How Long Should I Run Drip Irrigation?
Drip irrigation is a highly effective way to water your plants and garden. But with any irrigation system, it’s important to strike the right balance between ensuring that your plants get enough water without wasting it or flooding the soil. So, how long should you run your drip irrigation system?
Trees that need a lot of water may need about 90 minutes twice a month and the water should reach a depth of 12”. A flower bed may need watering for 60 minutes twice a week. Watering time for drip irrigation depends on the emitters being used and the plants being watered.
Drip irrigation is a more targeted approach than traditional sprinklers, as the water is delivered directly to the base of the plants, reducing the risk of overwatering and promoting deeper root growth. Keep reading to learn how you can optimize your drip irrigation watering times below.

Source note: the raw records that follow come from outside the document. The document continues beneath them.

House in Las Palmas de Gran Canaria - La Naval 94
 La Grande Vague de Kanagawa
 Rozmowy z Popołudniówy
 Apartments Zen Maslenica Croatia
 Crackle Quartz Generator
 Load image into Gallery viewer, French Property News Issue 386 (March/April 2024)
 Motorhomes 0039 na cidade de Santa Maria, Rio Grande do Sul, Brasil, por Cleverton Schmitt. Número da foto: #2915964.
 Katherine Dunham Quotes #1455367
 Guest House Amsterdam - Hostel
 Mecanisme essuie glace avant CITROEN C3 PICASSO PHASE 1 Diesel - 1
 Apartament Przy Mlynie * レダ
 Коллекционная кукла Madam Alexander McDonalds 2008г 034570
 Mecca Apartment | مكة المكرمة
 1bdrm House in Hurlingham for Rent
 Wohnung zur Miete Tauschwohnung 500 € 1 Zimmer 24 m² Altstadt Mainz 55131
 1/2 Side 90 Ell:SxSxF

Benefits of Drip Irrigation
Before we dive into specific recommendations for different plants, let’s take a quick look at the benefits of drip irrigation:
- Water efficiency: Because drip irrigation delivers water directly to the plant’s roots, less water is lost to evaporation and runoff. Most drip systems are between 85% and 90% efficient. This makes it a more efficient way to water your garden, especially in dry or hot climates.
- Plant health: As mentioned, drip irrigation promotes deep root growth, which is essential for the overall health of your plants. Deep roots help plants to withstand drought conditions and recover more quickly from dry spells.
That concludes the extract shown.